> _ASSIGNMENT_
An exact transcription of all the data is required; the pictures are to be left out.

[Short web captions]
------------
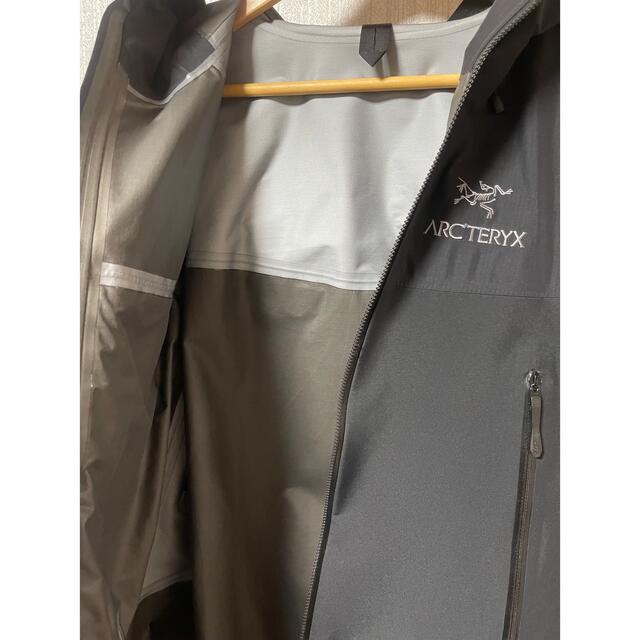 ARC'TERYX(アークテリクス)の【正規】ベータ SL ハイブリッドジャケット メンズのジャケット/アウター(マウンテンパーカー)の商品写真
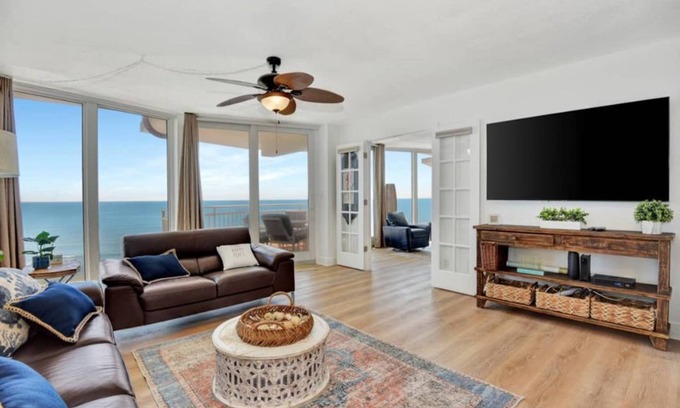 Halifax Estates Condo | Penthouse Oceanfront Luxury condo, French doors, big views, sunrise and sunset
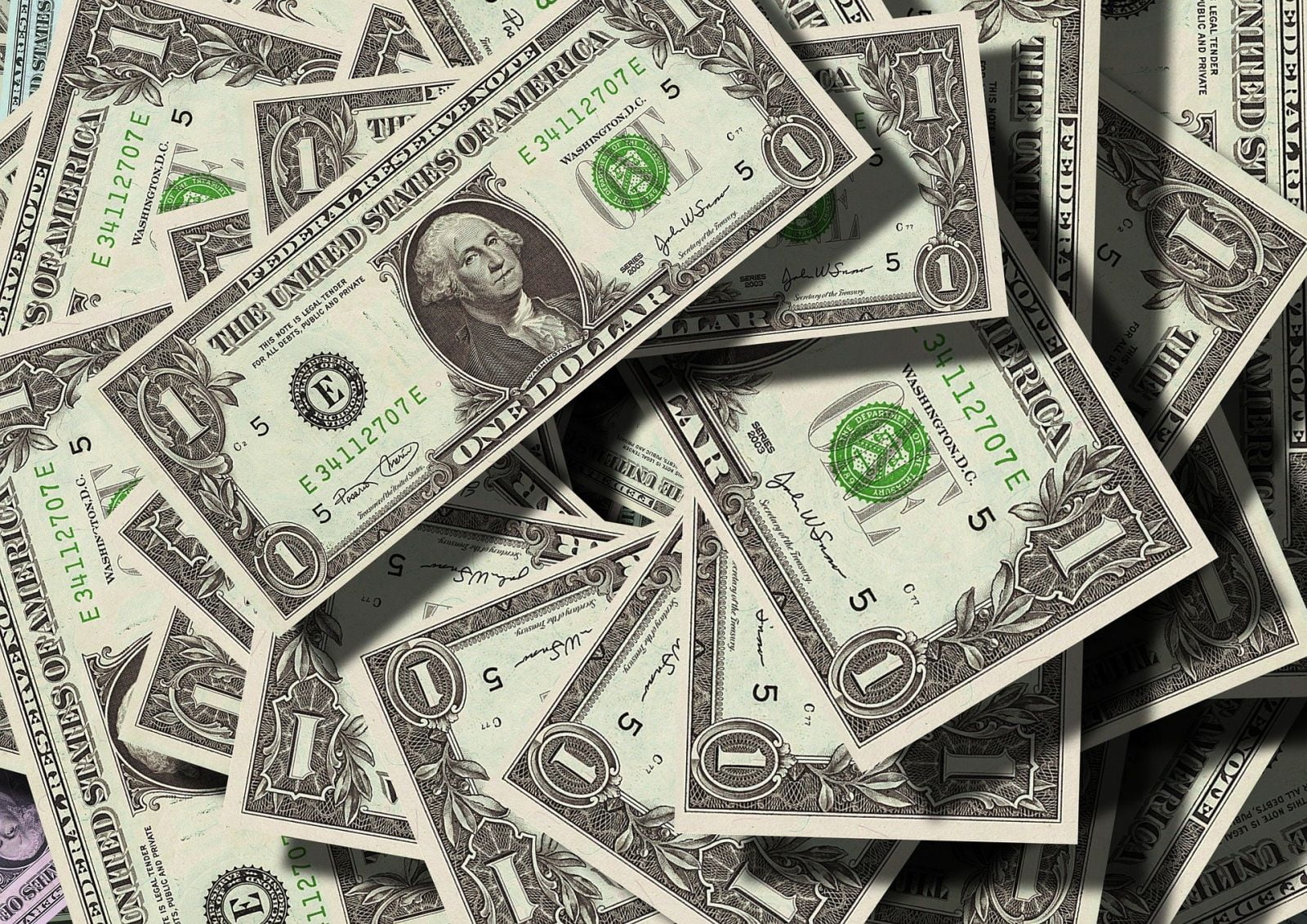 Dollars Fed Taux Interet Augmentation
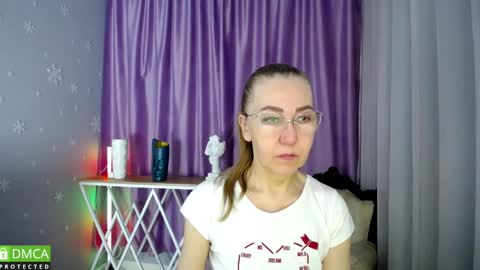 Snapshot of queen_a_n_i chatting on February 10, 7:15 am A N I Ill be here on December 1st online show from February 10, 7:15 am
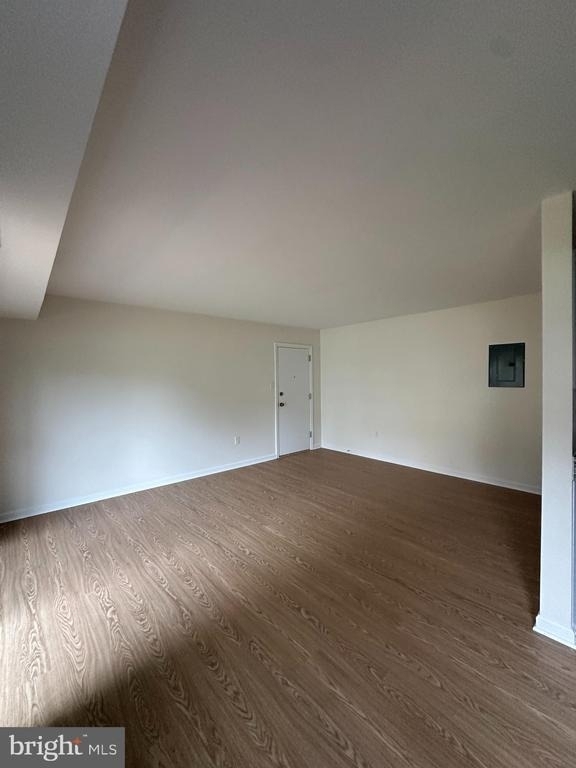 5402 85th Avenue - Photo 3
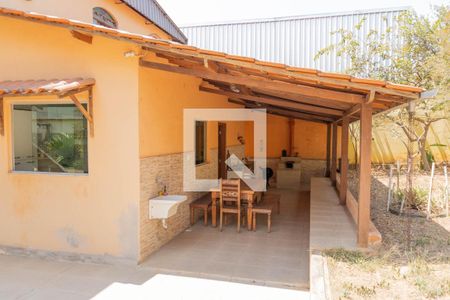 Casa à venda com 333m², 4 quartos e 3 vagas Casa à venda com 333m², 4 quartos e 3 vagasÁrea comum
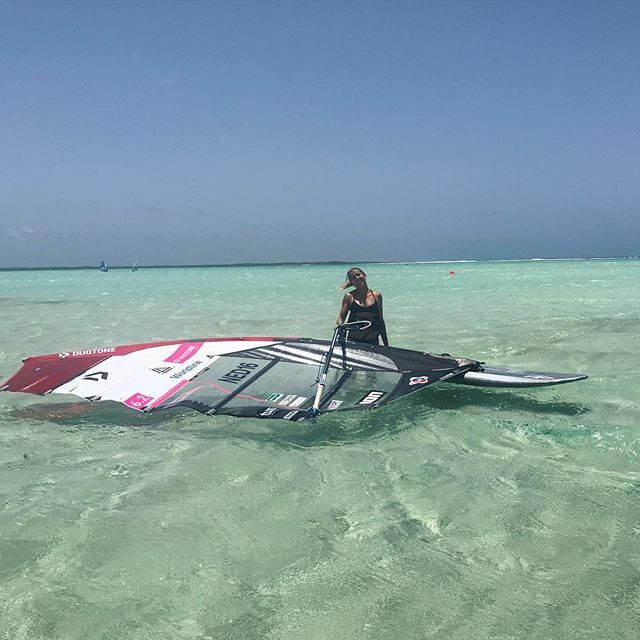 Esther172's tweet photo. 🏝☀️👙 https://t.co/Xia1d9dyWF https://t.co/wlPdTiKutk
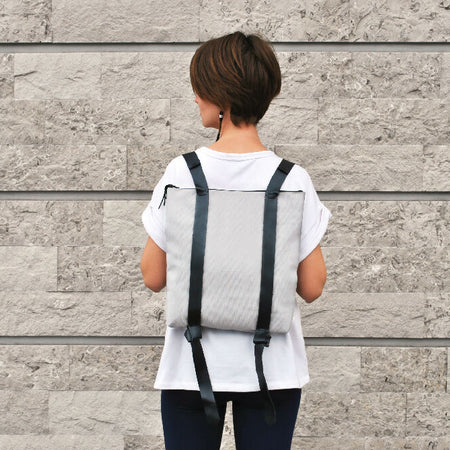 Trendy Canvas Daypack: Lightweight Minimalist Backpack for Fashionistas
------------
> _EXPECTED ANSWER_
 ARC'TERYX(アークテリクス)の【正規】ベータ SL ハイブリッドジャケット メンズのジャケット/アウター(マウンテンパーカー)の商品写真
 Halifax Estates Condo | Penthouse Oceanfront Luxury condo, French doors, big views, sunrise and sunset
 Dollars Fed Taux Interet Augmentation
 Snapshot of queen_a_n_i chatting on February 10, 7:15 am A N I Ill be here on December 1st online show from February 10, 7:15 am
 5402 85th Avenue - Photo 3
 Casa à venda com 333m², 4 quartos e 3 vagas Casa à venda com 333m², 4 quartos e 3 vagasÁrea comum
 Esther172's tweet photo. 🏝☀️👙 https://t.co/Xia1d9dyWF https://t.co/wlPdTiKutk
 Trendy Canvas Daypack: Lightweight Minimalist Backpack for Fashionistas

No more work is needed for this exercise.